Il grande e potente Oz
La storia di un uomo mediocre ed egoista che si trasforma in un grande mago altruista.
Mai raccontata nei romanzi di L. Frank Baum, fonti d’ispirazione, tra l’altro, per "Il mago di Oz" (1939) di Victor Fleming e "Nel fantastico mondo di Oz" (1985) di Walter Murch, è quella che Sam Raimi porta sullo schermo, in 3D, ponendo James Franco – già al suo servizio nella trilogia "Spider-man" – nei panni del protagonista Oscar Diggs.
Uno script del tutto inedito che, a firma di Mitchell Kapner e David Lindsay-Abaire, rispettivamente sceneggiatori di "FBI: Protezione testimoni" (2000) e "Le 5 leggende" (2012), parte dal Kansas del 1905 con il fine di fornire i retroscena di quanto descritto da Baum nelle sue opere.
Retroscena volti a mostrare in che modo Diggs, illusionista da strapazzo in un circo e dall’etica professionale alquanto dubbia, sia stato scagliato da un tornado nel vibrante mondo di Oz; dove incontra sia la strega buona Glinda, con le fattezze di Michelle Williams, che la giovane e tormentata megera Theodora alias Mila Kunis e la cattiva sorella maggiore Evanora, la quale governa la Città di Smeraldo.
Una Rachel Weisz in odore di matrigna di Biancaneve, quest’ultima, che va ad affiancare l’infinità di colorati personaggi tirati in ballo nel corso delle due ore e dieci circa di visione; insieme alla fanciulla di porcellana che, da sola, testimonia l’eccellente fattura degli effetti visivi, e la scimmia alata Finley, i cui dialoghi con il "mago" rientrano tra gli aspetti più divertenti dell’operazione.
Del resto, trovandosi dietro la macchina da presa colui che, da sempre, ha fatto dello humour uno degli ingredienti cardine dei suoi lavori, non è certo l’ironia a risultare assente all’interno dell’elaborato, caratterizzato da una prima parte girata in bianco e nero e da non pochi omaggi-citazioni alla filmografia raimiana.

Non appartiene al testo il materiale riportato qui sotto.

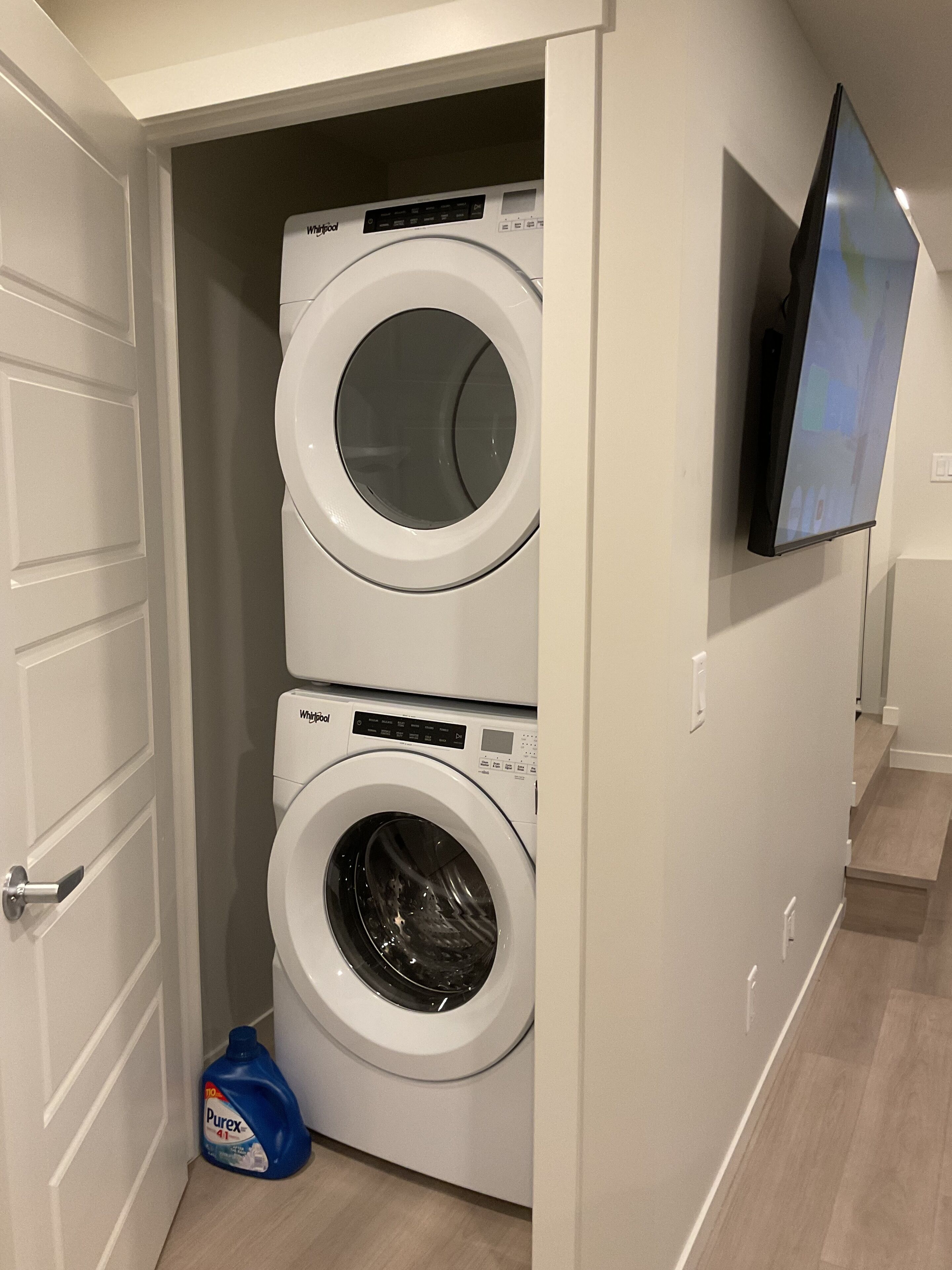 A compact laundry room with two front-loading washing machines, a television mounted on the wall, and a door leading to another room.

Infatti, al di là dell’immancabile, esilarante apparizione di un irriconoscibile Bruce Campbell, attore feticcio dell’autore di "Darkman" (1990), è impossibile non notare diverse similitudini con "L’armata delle tenebre" (1992), sia per quanto riguarda il plot stesso, incentrato su una popolazione impegnata ad unire le proprie forze per combattere il male, che la messa in scena di più di un momento spettacolare.
Per non parlare del fatto la soggettiva sfruttata nella vertiginosa caduta della cascata sembra quasi apparire quale rilettura di quella demoniaca de "La casa" (1981), qui resa ancor più efficace da una visione tridimensionale mai sfruttata in maniera banale ed in grado di valorizzare sia l’impressione di profondità che l’illusorio effetto rilievo di oggetti e soggetti.

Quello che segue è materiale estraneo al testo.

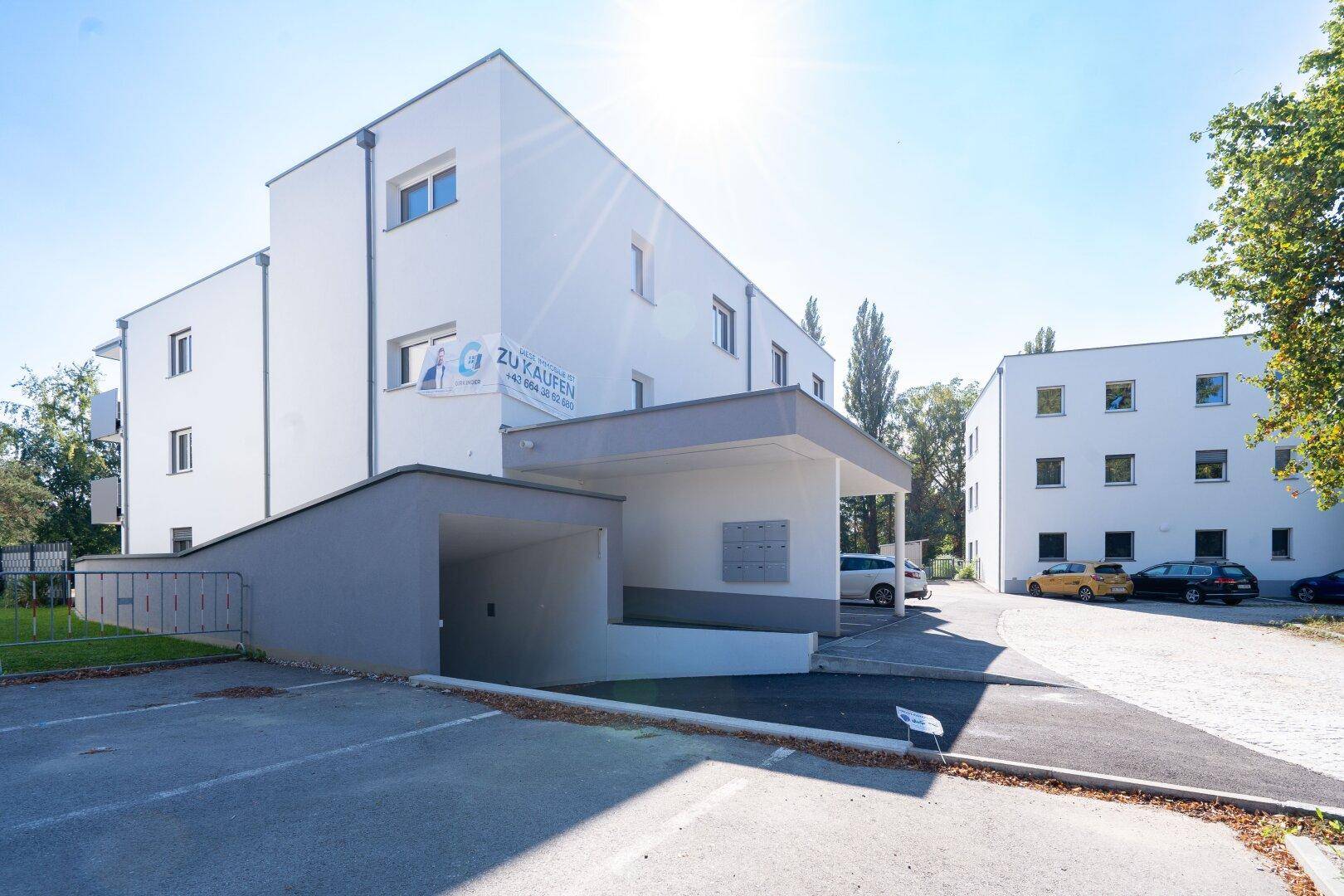 Moderner Wohnkomplex mit Tiefgaragenzufahrt, Außenparkplätzen und sonniger Umgebung.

Fino all’epilogo di un emozionante spettacolo su celluloide che, accompagnato a dovere dalle musiche di Danny Elfman, non solo testimonia il modo in cui Raimi – a differenza del Tim Burton di "Alice in wonderland" (2010) – sia stato in grado di rimanere fedele al suo inconfondibile stile pur dovendo lavorare in casa Disney, ma, grazie anche ai vari riferimenti alla figura di Thomas Alva Edison, si rivela, nella vicenda che racconta, un sentito atto d’amore nei confronti dell’arte cinematografica stessa. Della quale il cineasta originario del Michigan, di sicuro, continua a rientrare tra i maggiori talenti.
La frase:
"Niente è impossibile se ti ci impegni a fondo".